(INSTRUCTIONS FOR THE TASK):
With the pictures left out, restate exactly the part below that opens with the line containing "3D Design Pattern" and closes with the line containing "Pulover Benetton alb".

(LISTED RECORDS):
━━━━━━━━━━━━━━━━━━━━━━━━━━━━━━

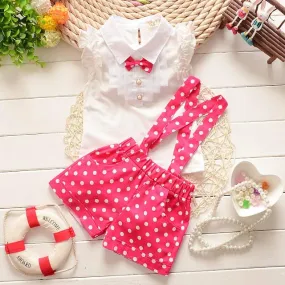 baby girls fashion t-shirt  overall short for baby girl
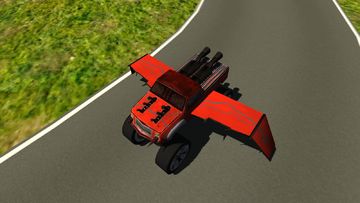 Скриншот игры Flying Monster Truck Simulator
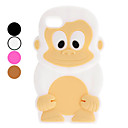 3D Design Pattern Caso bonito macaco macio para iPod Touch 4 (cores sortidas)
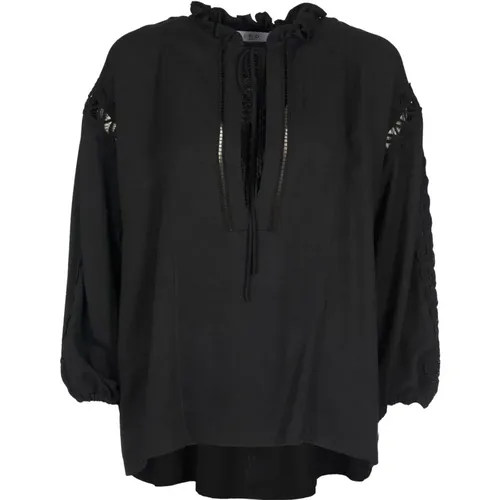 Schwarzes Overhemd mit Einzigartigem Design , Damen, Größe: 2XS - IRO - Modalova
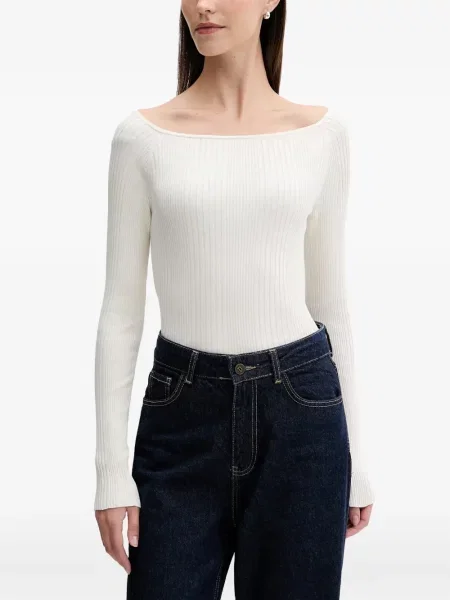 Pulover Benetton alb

━━━━━━━━━━━━━━━━━━━━━━━━━━━━━━

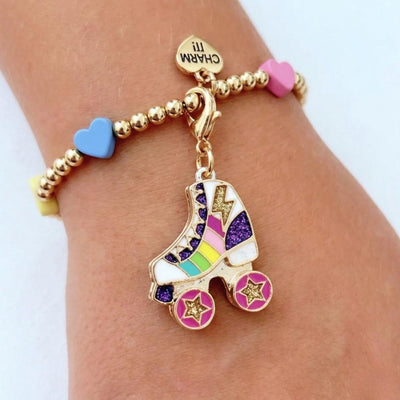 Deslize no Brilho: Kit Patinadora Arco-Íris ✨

━━━━━━━━━━━━━━━━━━━━━━━━━━━━━━

(RESULT):
 3D Design Pattern Caso bonito macaco macio para iPod Touch 4 (cores sortidas)
 Schwarzes Overhemd mit Einzigartigem Design , Damen, Größe: 2XS - IRO - Modalova
 Pulover Benetton alb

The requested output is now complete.